Does that make Attack on Titan nihilistic? Does it say that every effort is futile? Not at all. At least, that is not what I think the work is trying to say. It is certainly pessimistic in places, but its central question is this: in a world this cruel, what does it mean to live? The series does offer an answer. It is an old idea, perhaps, and it can be summed up in the famous line often associated with Romain Rolland:
There is only one heroism in the world: to see the world as it is, and to love it.
The story has figures who embody nihilism, Zeke above all. Human beings should never have been born; the survival of a people does not matter; fear comes from the instinct to reproduce; all these tragedies are caused by the meaningless activity of life itself. Armin answers him.
Because there are companions worth trusting and protecting, and because they are still fighting, the fight has meaning. Because running races with Eren and Mikasa as a child was joyful, life has meaning. Reading at home on a rainy day, watching a squirrel eat the nuts you gave it, wandering through a market with everyone: these ordinary moments are immeasurably precious.
Humanism may be one of the ideas Attack on Titan is trying to express. Human beings are cruel, and hatred may be unavoidable. Even so, for the people we love, we try to understand, to protect, to do what we believe is right, to hold on to our humanity, to fight, and to dedicate our hearts. By contrast, people without love in their hearts simply skip over this part. They never try to understand Armin's thinking. It is not the author who has fallen into nihilism, but the audience themselves.

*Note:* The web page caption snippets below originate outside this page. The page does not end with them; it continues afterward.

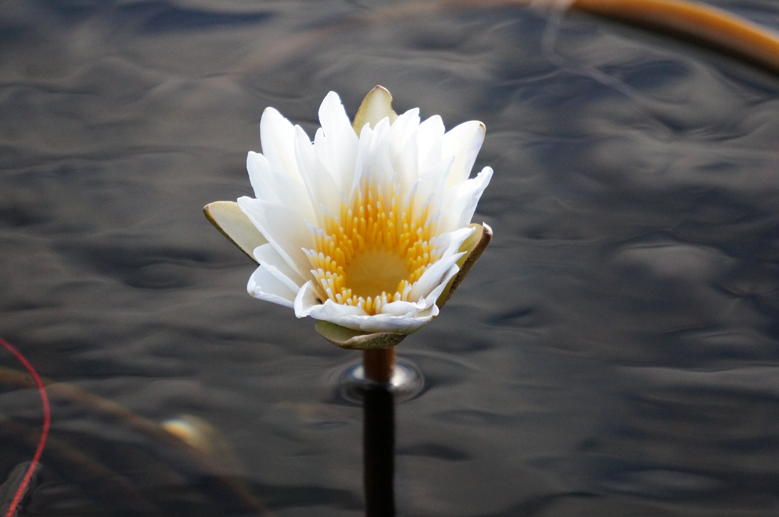 African-Water-lily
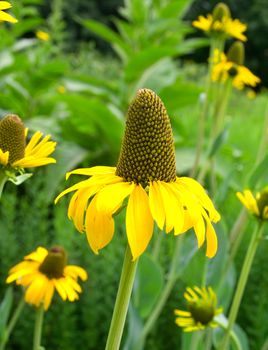  flowers in green field  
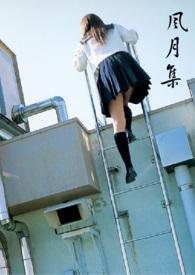 风月讲的什么意思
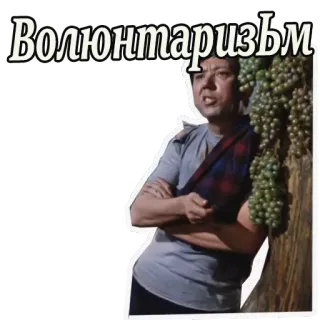 😯 Волюнтаризм russo, uomo, testo, adesivo telegram sticker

I see Attack on Titan as a fundamentally anti-war work, not a political tract. It tries to teach people that the world is cruel, that war should not be turned into entertainment, and that the pain and disaster brought by conflict should never be underestimated. It also asks how we ought to live in such a cruel world, and how we should face hatred and conflict.
So I cannot really accept the line that "there are a thousand Hamlets in a thousand readers' minds." Of course, great works leave room for interpretation, but that does not mean they have no stable expression. The framing, expressions, movements, and gestures all make it clear that the ideas the author is trying to convey are coherent and consistent. Many people did not understand them. Part of that is the author's own limitation as a storyteller; part of it is the limitation of people living inside their own era. At the very least, Sanae Takaichi watched it and plainly did not understand it.
Looking back, the work itself really does not answer the question of how to end war. It offers no institutional design and no universal solution. Yet at another level, Attack on Titan itself is the answer. Again and again, it places before us the cruelty of war, the absurdity of hatred, and the fact that human beings should still try to understand one another. If this anti-war idea could be truly accepted by Japanese people, Americans, Ukrainians, Russians, Israelis, Pakistanis, and Chinese people as well, perhaps the wars in this world really would become fewer. Perhaps one day they might even disappear.
I hope more people can understand Attack on Titan. Do not be so quick to reject mutual understanding. In our own time, we need works like this all the more.